*ASSIGNED TASK*: Could you transcribe exactly the lines below, from the line with "Belden Bağlamalı Haki Ayrobin Elbise" through the line with "moldes simples de flores de papel 14", and nothing else, leaving out the pictures?

[Opening EXTRACTED INFORMATION section]

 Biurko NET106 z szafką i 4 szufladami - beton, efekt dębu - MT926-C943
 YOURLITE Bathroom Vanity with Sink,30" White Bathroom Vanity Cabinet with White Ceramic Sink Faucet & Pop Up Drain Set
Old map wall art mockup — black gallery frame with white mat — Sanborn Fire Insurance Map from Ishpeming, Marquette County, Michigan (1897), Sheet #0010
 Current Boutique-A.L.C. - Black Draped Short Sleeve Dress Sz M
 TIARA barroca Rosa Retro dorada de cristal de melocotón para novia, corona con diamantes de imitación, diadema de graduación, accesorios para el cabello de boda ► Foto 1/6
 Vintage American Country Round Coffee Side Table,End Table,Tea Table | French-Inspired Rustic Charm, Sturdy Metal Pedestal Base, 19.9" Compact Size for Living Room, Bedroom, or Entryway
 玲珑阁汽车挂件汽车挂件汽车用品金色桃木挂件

[Closing EXTRACTED INFORMATION section]
[Opening EXTRACTED INFORMATION section]

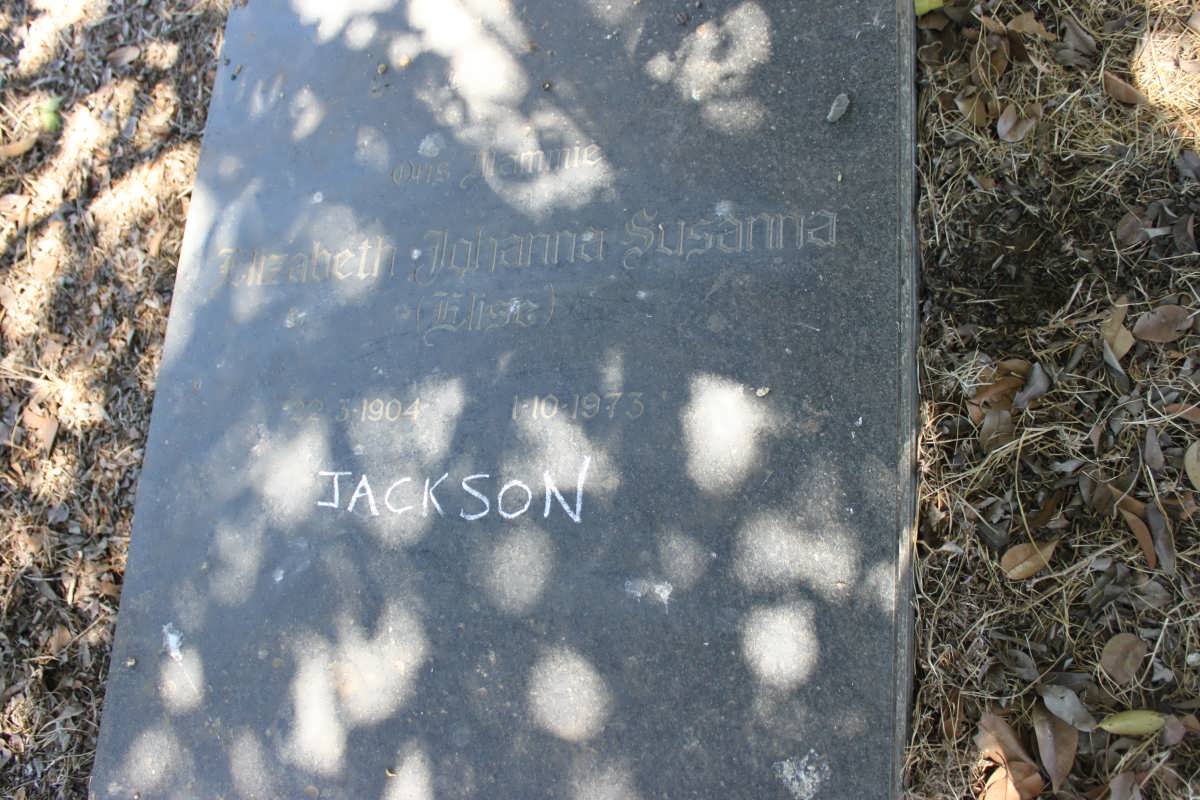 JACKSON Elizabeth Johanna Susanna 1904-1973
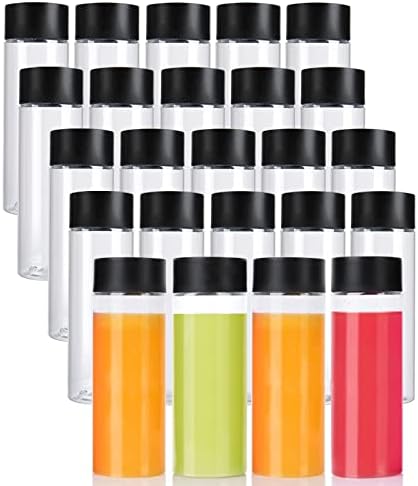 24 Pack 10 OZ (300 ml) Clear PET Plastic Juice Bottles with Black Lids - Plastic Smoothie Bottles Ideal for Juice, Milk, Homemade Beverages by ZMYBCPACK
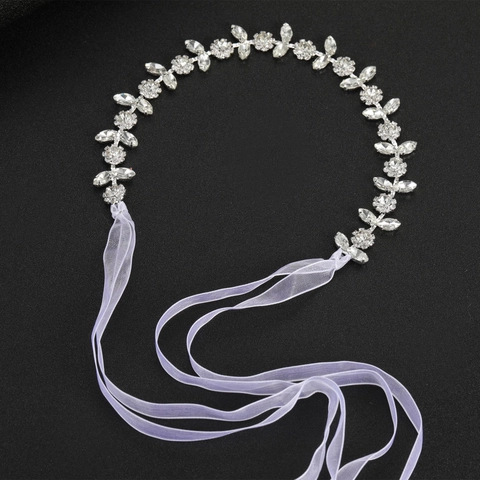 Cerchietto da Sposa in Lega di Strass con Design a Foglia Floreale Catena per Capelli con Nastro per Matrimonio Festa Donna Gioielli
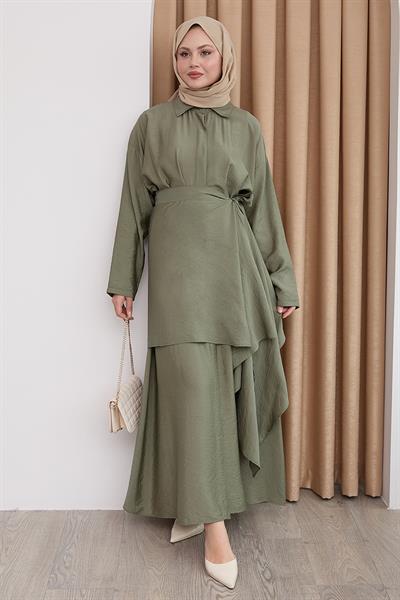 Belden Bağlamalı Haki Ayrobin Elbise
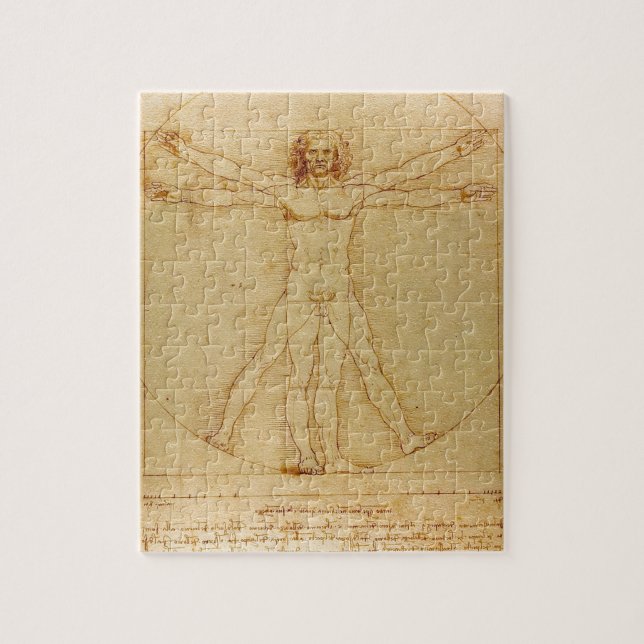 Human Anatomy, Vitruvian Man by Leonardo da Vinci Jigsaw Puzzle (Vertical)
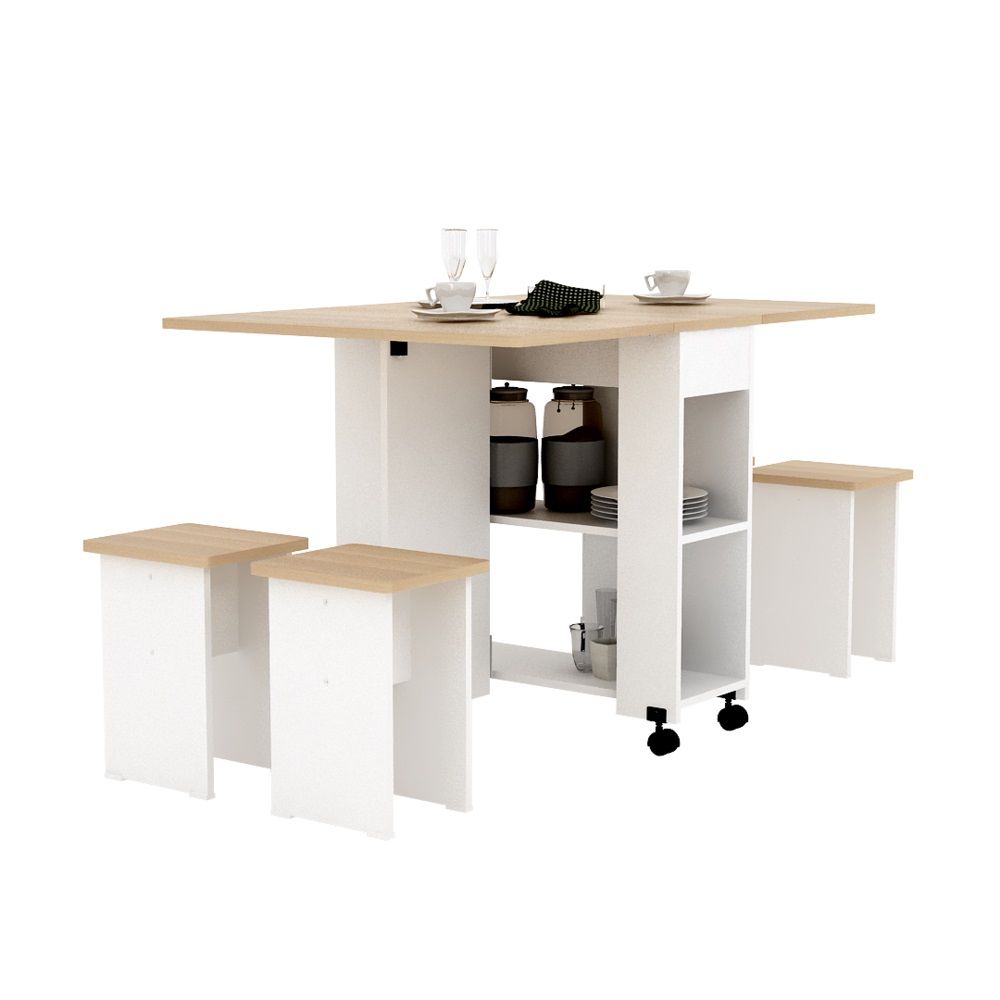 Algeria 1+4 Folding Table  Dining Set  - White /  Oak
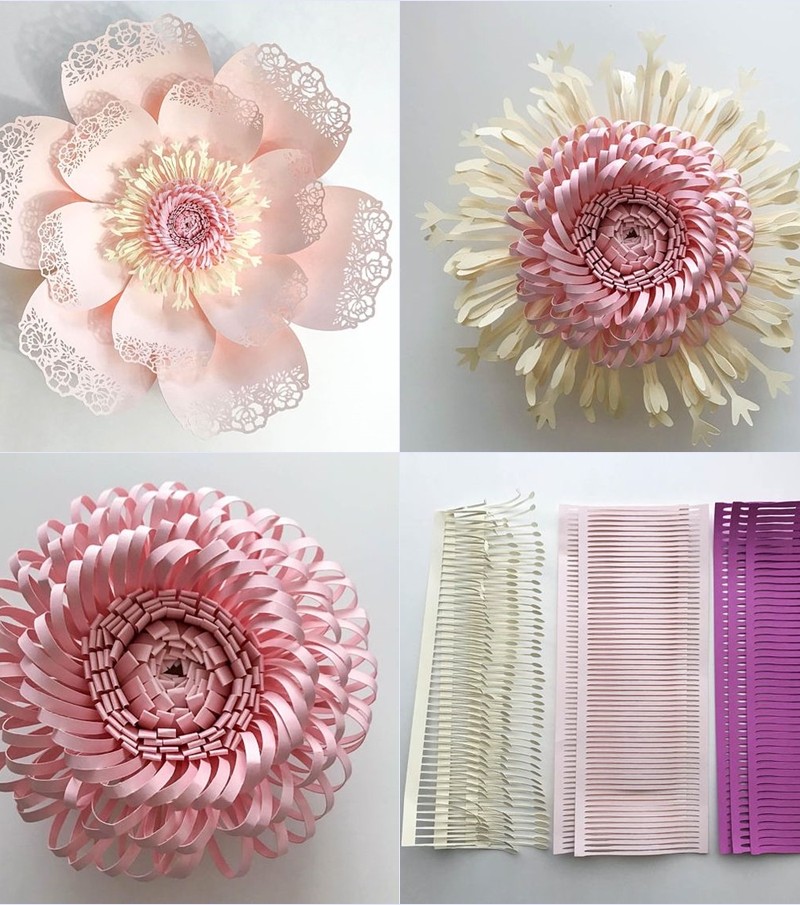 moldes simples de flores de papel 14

[Closing EXTRACTED INFORMATION section]

*ANSWER SECTION*:
 Belden Bağlamalı Haki Ayrobin Elbise
 Human Anatomy, Vitruvian Man by Leonardo da Vinci Jigsaw Puzzle (Vertical)
 Algeria 1+4 Folding Table  Dining Set  - White /  Oak
 moldes simples de flores de papel 14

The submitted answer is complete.